For one thing, human constants have to be considered. When Walter Bagehot, the founding editor of The Economist, reflected on the role of the “English Political Economy” shortly before his untimely passing in 1877, he emphasized first how this economic philosophy had brought unprecedented benefits to the people, writing: “The life of almost everyone in England – perhaps of everyone – is different and better in consequence of it.” His second comment, however, was that this English Political Economy was – in his day and age – an insular science, one that was neither greatly appreciated elsewhere, nor one that was broadly applied.
What Bagehot called the English Political Economy entailed a novel theory of free trade, which he classified as “more opposed to the action of government in all ways than most such theories,” and prone to not find favor among pro-state zealots (or our latter day populists). This was because, as the sharp-eyed editor observed dryly: “All governments like to interfere; it elevates their position to make out that they can cure the evils of mankind. And all zealots wish that they should interfere, for such zealots think that they can and may convert the rulers and manipulate the State control.”
The fact that financial zealotry, or in present journalese populism, has had a detrimental impact on public discourse in Lebanon over the past three years, cannot be denied. But it is more than detrimental to see that a destructive populist rant has invaded a publication affiliated with the World Bank Group.

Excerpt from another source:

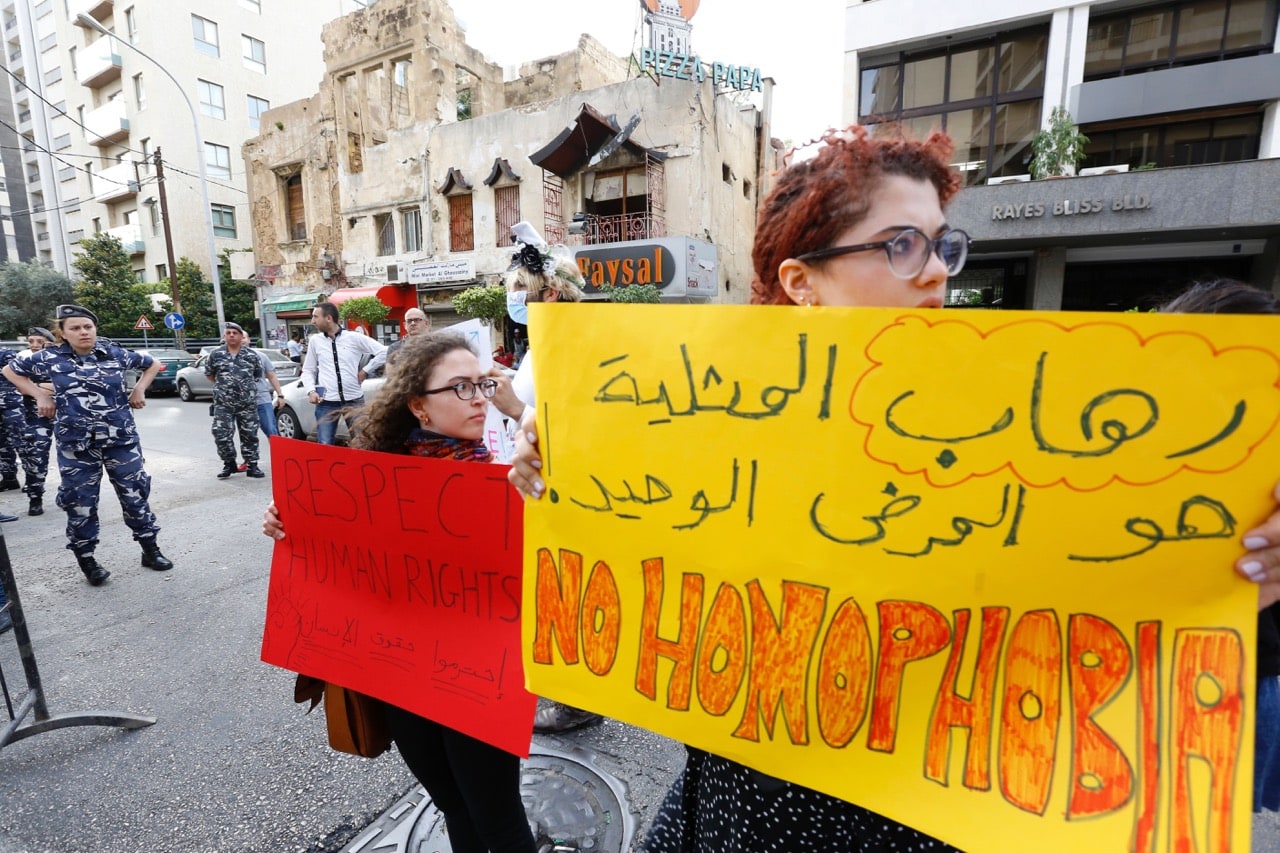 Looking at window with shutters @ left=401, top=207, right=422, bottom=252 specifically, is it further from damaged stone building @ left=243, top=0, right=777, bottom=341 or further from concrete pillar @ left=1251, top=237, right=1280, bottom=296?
concrete pillar @ left=1251, top=237, right=1280, bottom=296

An op-ed in the Lebanon Public Finance Review of August 2022, posing as a “Message to the Lebanese People” stood out from the remainder of the publication in terms of writing style and content. At a prominent place in the document and text, the op-ed posited deliberation, specifically meaning malicious intent, as something that existed from the roots of the crisis and something that is “important for them to know.”

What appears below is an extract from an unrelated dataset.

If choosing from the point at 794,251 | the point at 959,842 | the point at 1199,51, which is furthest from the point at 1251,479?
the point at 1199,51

A STRIKING WORD COMBINATION
Apart from the sloppy editing and unclear colloquial usage of the word “them” in the first paragraph of the “message” – a pattern that one often encounters when interviewing local intellectuals – a quick word use analysis shows that the word “deliberate” or “deliberately” was inserted eight times in the “message.” This is 40 percent of a total of 19 mentions in the approximately 110-page body text of the Lebanon Public Finance Review (not counting summary pages in Arabic and French where the word is cited once). In the first three analytical chapters of the body text (pages 28 to 63), the word deliberate is used once, however, with a positive connotation and not in conjunction with the term depression.
The word combination of deliberate and depression, which is used three times in the op-ed, reappears on page 65 of the Finance Review as a reference term to a Lebanon Economic Monitor issue that was published in 2020. The same usage of deliberate as reference to the earlier publication accounts for all but two appearances of the word deliberate. In these two mentions, it is argued that failures in services delivery by the Lebanese government was intentional under a corrupt scheme to benefit private interests.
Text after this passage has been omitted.